-- WHAT YOU SHOULD DO --
Nothing past the line containing "مفاهیم: سرطان دهان چیست؟" belongs in the output. Copy exactly every line of the data below from the first up to and including it.

┌─ DATA FOR THIS TASK

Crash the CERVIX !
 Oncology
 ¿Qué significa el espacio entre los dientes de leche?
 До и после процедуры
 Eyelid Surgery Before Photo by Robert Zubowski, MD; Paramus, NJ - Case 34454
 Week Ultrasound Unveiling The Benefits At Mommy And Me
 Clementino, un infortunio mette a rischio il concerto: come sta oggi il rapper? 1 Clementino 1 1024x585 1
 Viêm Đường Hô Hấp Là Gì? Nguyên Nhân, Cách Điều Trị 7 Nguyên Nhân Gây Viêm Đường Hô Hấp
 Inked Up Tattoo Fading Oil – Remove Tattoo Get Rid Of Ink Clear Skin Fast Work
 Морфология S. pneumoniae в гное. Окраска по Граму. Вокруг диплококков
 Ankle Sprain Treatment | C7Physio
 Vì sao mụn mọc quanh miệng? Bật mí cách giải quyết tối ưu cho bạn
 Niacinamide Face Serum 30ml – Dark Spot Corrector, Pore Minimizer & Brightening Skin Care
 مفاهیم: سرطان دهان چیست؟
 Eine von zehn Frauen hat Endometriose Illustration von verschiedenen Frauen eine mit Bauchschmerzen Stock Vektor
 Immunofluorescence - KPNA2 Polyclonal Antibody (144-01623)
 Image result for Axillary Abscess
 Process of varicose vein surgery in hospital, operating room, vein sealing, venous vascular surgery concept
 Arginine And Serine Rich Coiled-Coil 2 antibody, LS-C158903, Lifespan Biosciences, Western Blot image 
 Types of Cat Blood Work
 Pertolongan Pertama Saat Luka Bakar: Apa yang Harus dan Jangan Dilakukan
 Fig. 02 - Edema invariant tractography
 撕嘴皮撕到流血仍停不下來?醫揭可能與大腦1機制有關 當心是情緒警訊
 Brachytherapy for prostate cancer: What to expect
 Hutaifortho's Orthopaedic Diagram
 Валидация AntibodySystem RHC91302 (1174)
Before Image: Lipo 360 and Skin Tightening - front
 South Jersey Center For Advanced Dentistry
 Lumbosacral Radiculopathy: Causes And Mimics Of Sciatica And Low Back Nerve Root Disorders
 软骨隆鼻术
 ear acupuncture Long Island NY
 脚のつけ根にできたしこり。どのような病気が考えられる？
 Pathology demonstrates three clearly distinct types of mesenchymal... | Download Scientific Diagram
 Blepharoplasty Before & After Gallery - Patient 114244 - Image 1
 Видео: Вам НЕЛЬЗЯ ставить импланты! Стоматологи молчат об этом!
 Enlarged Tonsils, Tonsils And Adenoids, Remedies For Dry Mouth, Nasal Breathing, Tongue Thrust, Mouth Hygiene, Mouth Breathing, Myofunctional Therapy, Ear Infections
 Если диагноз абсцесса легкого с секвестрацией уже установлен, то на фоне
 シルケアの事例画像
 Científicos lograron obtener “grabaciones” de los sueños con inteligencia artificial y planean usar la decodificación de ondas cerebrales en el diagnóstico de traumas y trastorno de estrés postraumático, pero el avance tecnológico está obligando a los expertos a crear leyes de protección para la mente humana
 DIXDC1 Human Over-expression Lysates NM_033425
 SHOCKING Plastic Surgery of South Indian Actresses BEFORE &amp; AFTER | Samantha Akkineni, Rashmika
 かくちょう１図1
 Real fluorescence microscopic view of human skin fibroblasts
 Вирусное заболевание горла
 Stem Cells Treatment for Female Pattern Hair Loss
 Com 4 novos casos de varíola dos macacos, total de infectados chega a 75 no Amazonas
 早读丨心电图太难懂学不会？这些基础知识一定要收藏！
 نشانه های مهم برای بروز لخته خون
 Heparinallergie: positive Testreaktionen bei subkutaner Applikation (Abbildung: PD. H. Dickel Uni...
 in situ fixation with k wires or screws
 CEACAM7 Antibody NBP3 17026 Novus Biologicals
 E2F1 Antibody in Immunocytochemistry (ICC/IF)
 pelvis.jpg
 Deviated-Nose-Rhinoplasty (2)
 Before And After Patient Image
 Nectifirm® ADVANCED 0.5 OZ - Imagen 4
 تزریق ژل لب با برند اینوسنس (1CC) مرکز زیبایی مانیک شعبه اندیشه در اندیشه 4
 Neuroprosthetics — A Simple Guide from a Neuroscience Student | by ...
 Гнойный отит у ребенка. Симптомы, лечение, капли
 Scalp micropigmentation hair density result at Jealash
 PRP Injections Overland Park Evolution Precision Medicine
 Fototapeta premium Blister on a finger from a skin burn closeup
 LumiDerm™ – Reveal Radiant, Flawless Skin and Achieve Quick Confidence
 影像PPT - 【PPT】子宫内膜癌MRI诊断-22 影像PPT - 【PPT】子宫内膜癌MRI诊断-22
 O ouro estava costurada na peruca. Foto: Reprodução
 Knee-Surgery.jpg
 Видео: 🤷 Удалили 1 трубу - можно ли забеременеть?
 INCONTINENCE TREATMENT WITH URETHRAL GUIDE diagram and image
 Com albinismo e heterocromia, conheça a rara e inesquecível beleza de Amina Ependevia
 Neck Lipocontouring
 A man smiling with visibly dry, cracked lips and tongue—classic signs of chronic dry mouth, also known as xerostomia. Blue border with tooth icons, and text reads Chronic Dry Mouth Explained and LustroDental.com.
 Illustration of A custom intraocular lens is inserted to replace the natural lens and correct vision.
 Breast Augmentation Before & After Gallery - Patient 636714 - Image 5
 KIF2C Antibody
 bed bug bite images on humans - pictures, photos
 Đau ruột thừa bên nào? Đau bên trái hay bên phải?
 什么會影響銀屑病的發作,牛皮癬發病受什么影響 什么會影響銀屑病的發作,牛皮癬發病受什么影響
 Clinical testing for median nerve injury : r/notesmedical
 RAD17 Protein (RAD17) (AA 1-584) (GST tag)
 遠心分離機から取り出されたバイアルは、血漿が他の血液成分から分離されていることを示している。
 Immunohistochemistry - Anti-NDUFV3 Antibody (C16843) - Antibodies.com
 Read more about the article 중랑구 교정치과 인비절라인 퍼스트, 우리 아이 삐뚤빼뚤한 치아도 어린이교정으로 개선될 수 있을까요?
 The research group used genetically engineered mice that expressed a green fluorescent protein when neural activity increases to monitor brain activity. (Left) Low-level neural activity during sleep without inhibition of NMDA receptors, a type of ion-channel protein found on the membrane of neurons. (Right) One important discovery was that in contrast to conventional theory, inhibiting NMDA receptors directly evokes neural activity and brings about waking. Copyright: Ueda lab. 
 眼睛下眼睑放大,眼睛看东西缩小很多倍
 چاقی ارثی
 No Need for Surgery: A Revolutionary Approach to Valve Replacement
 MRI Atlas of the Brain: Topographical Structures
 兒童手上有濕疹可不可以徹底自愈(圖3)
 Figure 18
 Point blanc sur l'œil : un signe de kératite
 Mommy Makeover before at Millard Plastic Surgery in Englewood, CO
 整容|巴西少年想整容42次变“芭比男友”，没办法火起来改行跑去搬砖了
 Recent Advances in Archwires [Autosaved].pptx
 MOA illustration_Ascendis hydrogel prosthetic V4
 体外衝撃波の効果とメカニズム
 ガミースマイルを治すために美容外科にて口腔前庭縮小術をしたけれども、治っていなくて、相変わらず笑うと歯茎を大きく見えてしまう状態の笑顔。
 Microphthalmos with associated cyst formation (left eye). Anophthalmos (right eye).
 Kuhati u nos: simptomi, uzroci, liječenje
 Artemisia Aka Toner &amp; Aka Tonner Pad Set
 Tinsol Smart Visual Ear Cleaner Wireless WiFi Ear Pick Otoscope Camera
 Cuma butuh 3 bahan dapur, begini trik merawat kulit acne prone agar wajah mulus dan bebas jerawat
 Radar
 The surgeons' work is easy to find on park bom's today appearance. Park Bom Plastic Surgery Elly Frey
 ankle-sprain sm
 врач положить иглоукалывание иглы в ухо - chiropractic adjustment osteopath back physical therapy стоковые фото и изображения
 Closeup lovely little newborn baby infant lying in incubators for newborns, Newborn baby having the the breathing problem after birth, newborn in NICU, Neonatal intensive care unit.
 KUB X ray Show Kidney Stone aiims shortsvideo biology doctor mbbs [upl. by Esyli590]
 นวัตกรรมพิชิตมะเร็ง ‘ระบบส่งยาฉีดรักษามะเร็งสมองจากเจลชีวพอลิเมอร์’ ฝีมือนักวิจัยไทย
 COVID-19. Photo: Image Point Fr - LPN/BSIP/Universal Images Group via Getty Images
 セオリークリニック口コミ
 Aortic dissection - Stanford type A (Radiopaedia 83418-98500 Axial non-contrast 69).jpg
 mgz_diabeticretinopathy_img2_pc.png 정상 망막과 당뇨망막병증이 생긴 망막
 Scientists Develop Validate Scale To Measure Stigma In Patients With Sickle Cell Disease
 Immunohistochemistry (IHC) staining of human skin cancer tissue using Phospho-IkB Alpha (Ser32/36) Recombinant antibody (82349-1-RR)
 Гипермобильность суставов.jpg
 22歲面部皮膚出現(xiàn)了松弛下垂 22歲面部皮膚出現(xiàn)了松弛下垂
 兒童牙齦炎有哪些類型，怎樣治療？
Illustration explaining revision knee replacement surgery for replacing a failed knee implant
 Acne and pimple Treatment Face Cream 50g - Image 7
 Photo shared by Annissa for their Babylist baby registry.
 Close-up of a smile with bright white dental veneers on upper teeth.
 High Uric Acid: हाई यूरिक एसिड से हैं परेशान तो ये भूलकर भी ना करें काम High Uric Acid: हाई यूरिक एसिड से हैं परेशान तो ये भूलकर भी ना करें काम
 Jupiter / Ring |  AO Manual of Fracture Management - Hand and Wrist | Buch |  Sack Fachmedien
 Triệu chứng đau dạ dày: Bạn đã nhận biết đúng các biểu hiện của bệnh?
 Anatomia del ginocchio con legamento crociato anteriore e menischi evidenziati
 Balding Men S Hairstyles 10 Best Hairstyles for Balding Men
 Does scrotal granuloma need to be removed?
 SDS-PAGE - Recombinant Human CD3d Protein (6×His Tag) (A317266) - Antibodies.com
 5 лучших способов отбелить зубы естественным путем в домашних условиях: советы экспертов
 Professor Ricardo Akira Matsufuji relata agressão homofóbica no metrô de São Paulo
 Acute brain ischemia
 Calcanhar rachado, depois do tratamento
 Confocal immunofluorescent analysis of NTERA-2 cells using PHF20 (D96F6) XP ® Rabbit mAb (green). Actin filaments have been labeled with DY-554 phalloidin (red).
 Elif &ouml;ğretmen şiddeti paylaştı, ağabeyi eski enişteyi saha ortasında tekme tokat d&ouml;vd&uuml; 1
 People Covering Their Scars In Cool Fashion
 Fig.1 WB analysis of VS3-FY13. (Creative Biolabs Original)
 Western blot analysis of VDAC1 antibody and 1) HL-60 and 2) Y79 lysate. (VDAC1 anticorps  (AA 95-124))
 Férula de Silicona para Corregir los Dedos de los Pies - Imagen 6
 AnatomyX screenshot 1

└─

-- RESPONSE --
Crash the CERVIX !
 Oncology
 ¿Qué significa el espacio entre los dientes de leche?
 До и после процедуры
 Eyelid Surgery Before Photo by Robert Zubowski, MD; Paramus, NJ - Case 34454
 Week Ultrasound Unveiling The Benefits At Mommy And Me
 Clementino, un infortunio mette a rischio il concerto: come sta oggi il rapper? 1 Clementino 1 1024x585 1
 Viêm Đường Hô Hấp Là Gì? Nguyên Nhân, Cách Điều Trị 7 Nguyên Nhân Gây Viêm Đường Hô Hấp
 Inked Up Tattoo Fading Oil – Remove Tattoo Get Rid Of Ink Clear Skin Fast Work
 Морфология S. pneumoniae в гное. Окраска по Граму. Вокруг диплококков
 Ankle Sprain Treatment | C7Physio
 Vì sao mụn mọc quanh miệng? Bật mí cách giải quyết tối ưu cho bạn
 Niacinamide Face Serum 30ml – Dark Spot Corrector, Pore Minimizer & Brightening Skin Care
 مفاهیم: سرطان دهان چیست؟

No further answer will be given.